WORK TASK: Each entry below is to be restated word for word, with no pictures carried over.

DATA TO PROCESS:

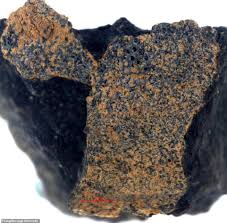 C'est une météorite affirme de son côté météo bretagne. La Meteorite De Woodmancote Est Une Relique De La Naissance Du Systeme Solaire Selon Les Experts Nouvelles Du Monde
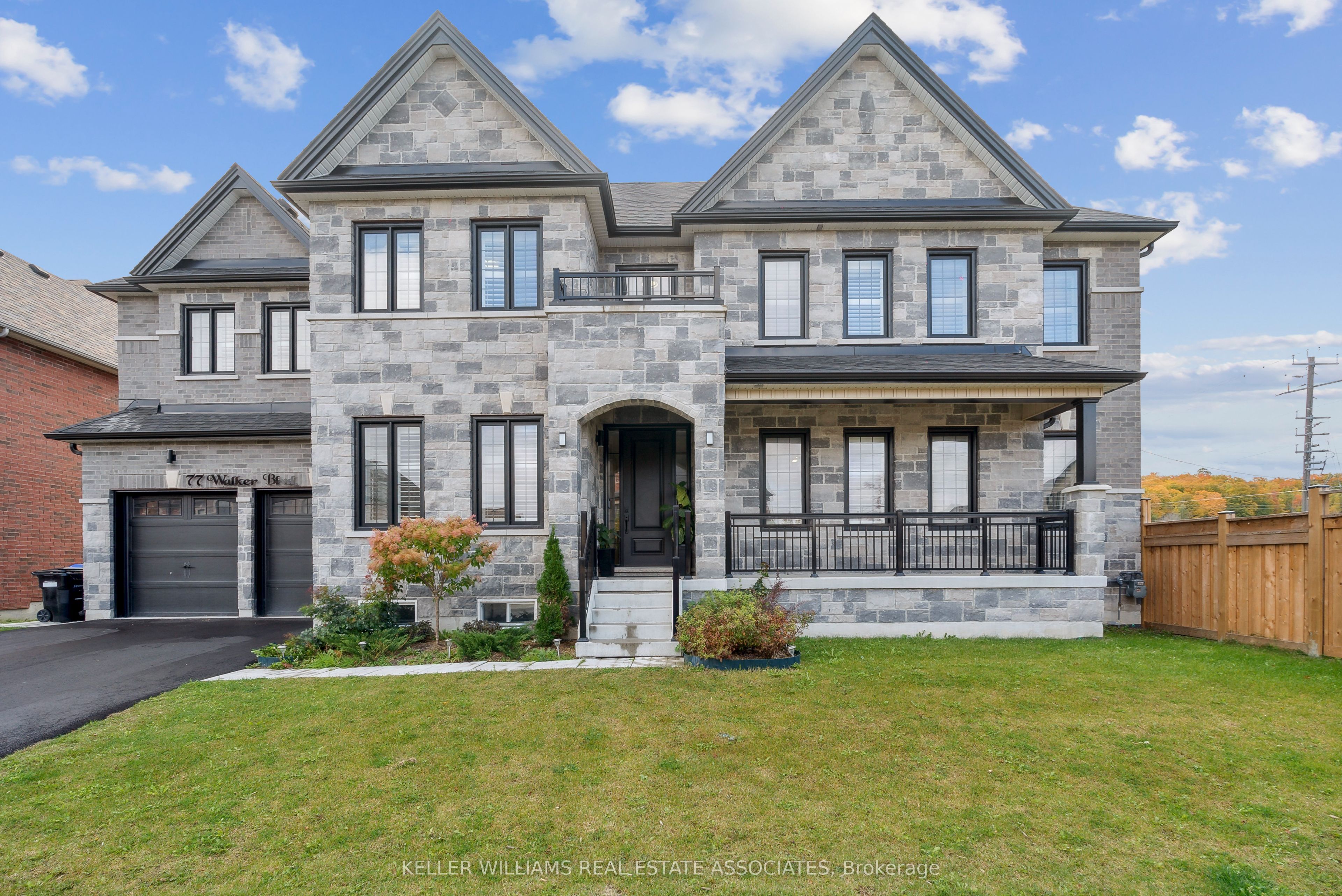 77 Walker Blvd, New Tecumseth, Ontario L9R0N3 For Sale HouseSigma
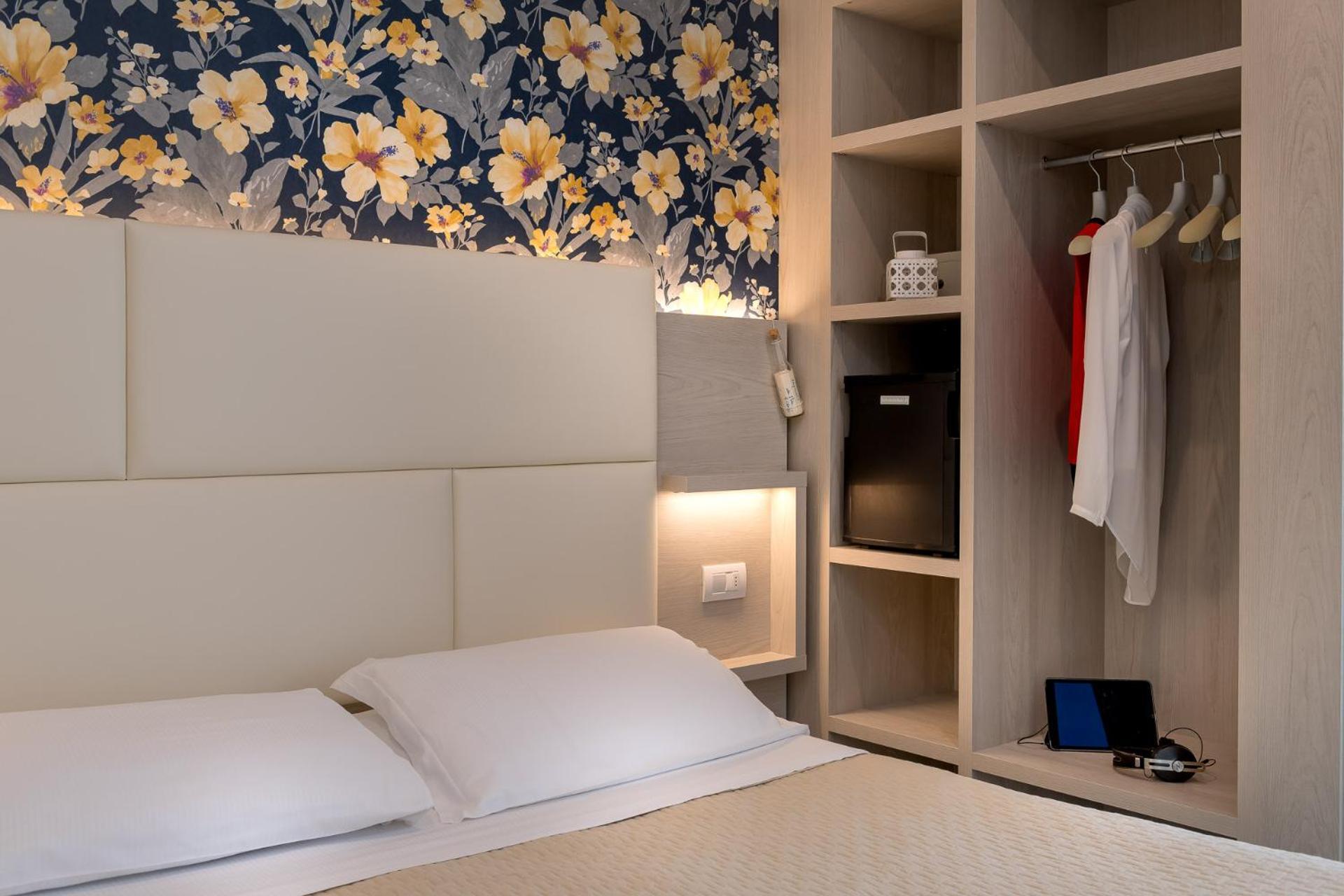 Hotel Corona Riccione Esterno foto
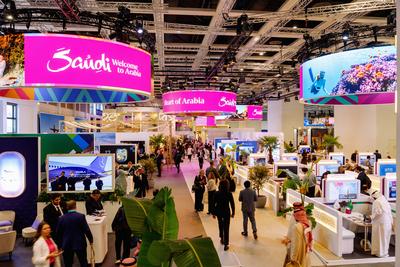 Internationale Tourismusb?rse Berlin ITB, Stand von Saudi-Arabien (Saudi Tourism Authority), Besucher und H?ndler in Hal-stock-foto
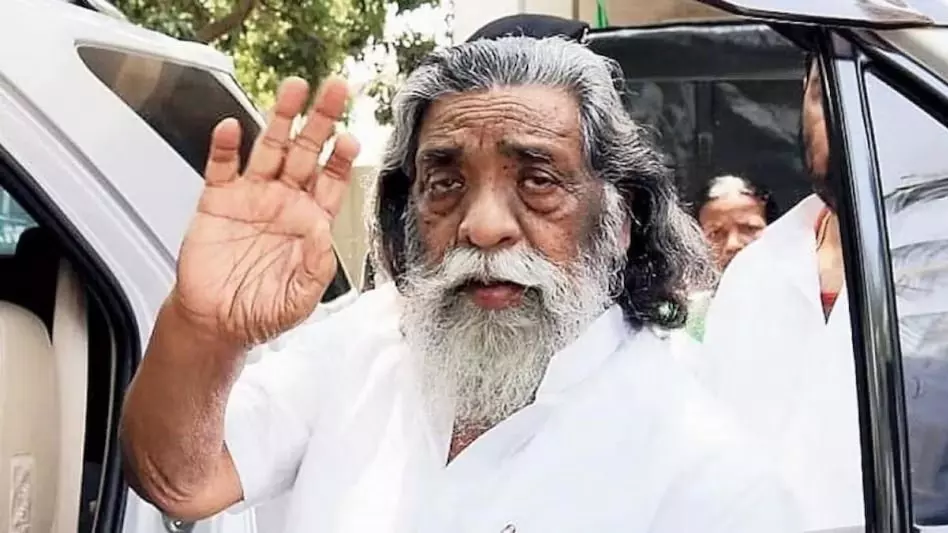 नहीं रहे शिबू सोरेन, जानिए कैसा रहा उनका राजनीतिक सफर नहीं रहे शिबू सोरेन, जानिए कैसा रहा उनका राजनीतिक सफर
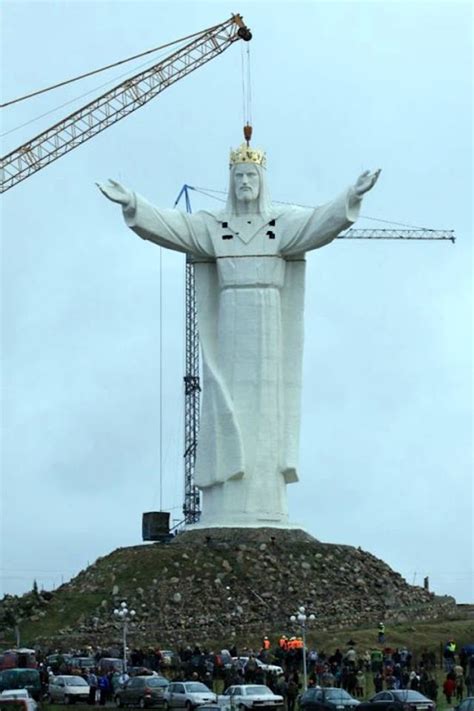 Hyderabad Sindh Pictures Of The Largest Jesus Christ Statue In The World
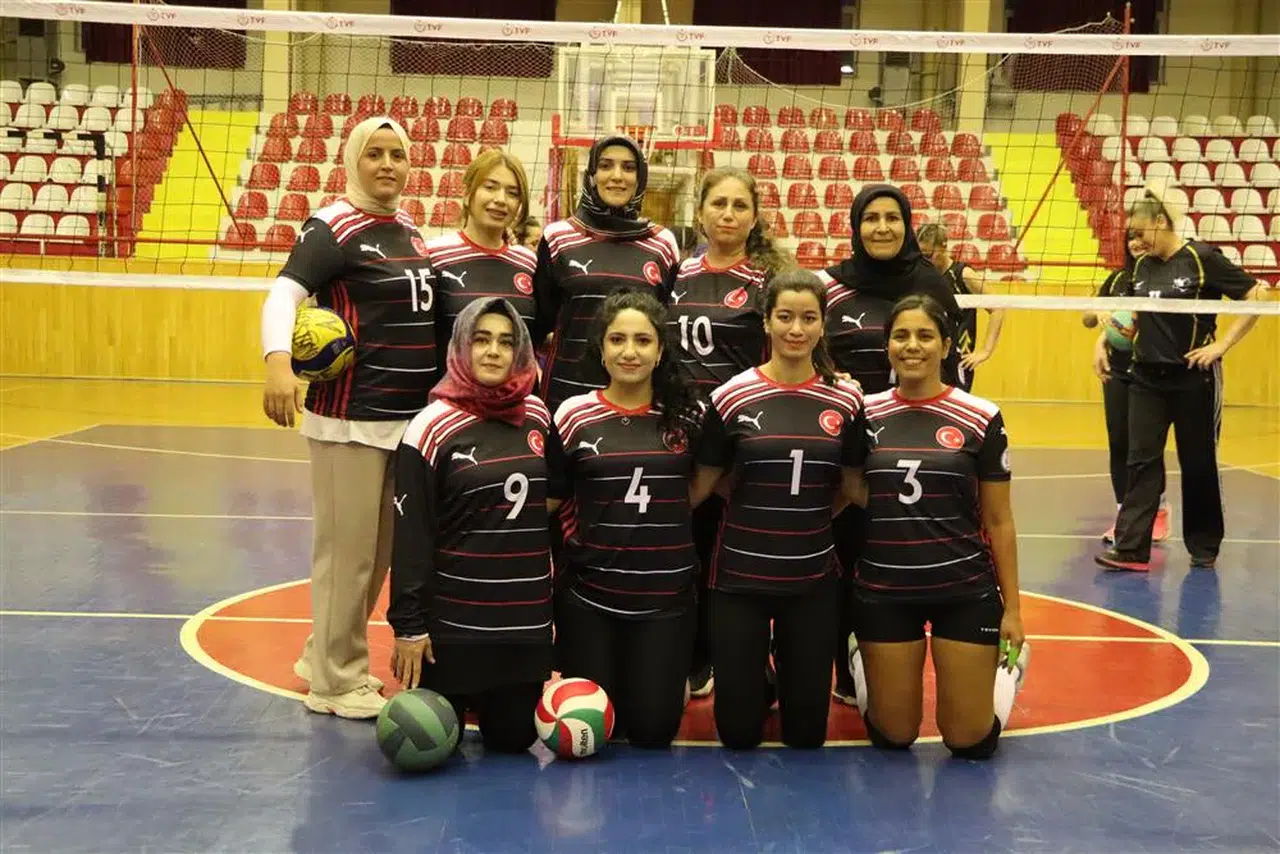 Sivas Numune Hastanesi Kadın Voleybol Takımı 2.oldu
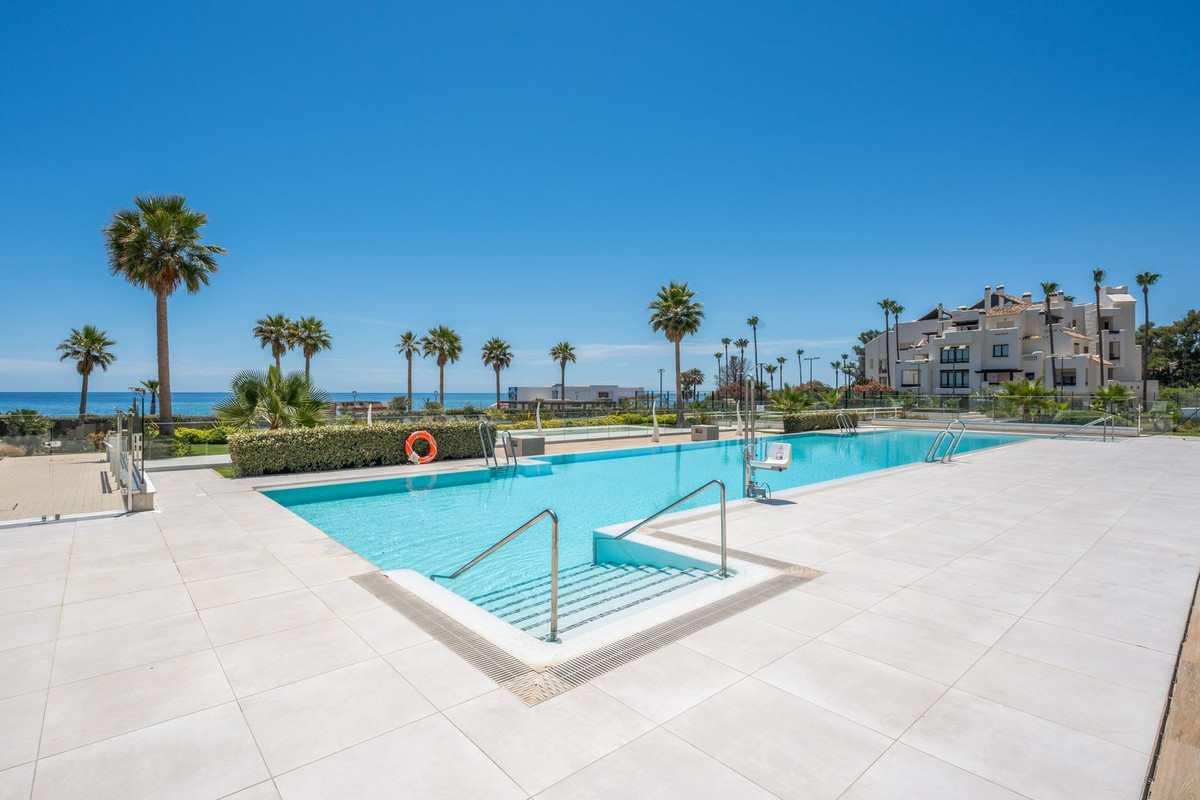 3 Bedroom Apartment in Estepona - Photo 48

EXERCISE RESULT:
 C'est une météorite affirme de son côté météo bretagne. La Meteorite De Woodmancote Est Une Relique De La Naissance Du Systeme Solaire Selon Les Experts Nouvelles Du Monde
 77 Walker Blvd, New Tecumseth, Ontario L9R0N3 For Sale HouseSigma
 Hotel Corona Riccione Esterno foto
 Internationale Tourismusb?rse Berlin ITB, Stand von Saudi-Arabien (Saudi Tourism Authority), Besucher und H?ndler in Hal-stock-foto
 नहीं रहे शिबू सोरेन, जानिए कैसा रहा उनका राजनीतिक सफर नहीं रहे शिबू सोरेन, जानिए कैसा रहा उनका राजनीतिक सफर
 Hyderabad Sindh Pictures Of The Largest Jesus Christ Statue In The World
 Sivas Numune Hastanesi Kadın Voleybol Takımı 2.oldu
 3 Bedroom Apartment in Estepona - Photo 48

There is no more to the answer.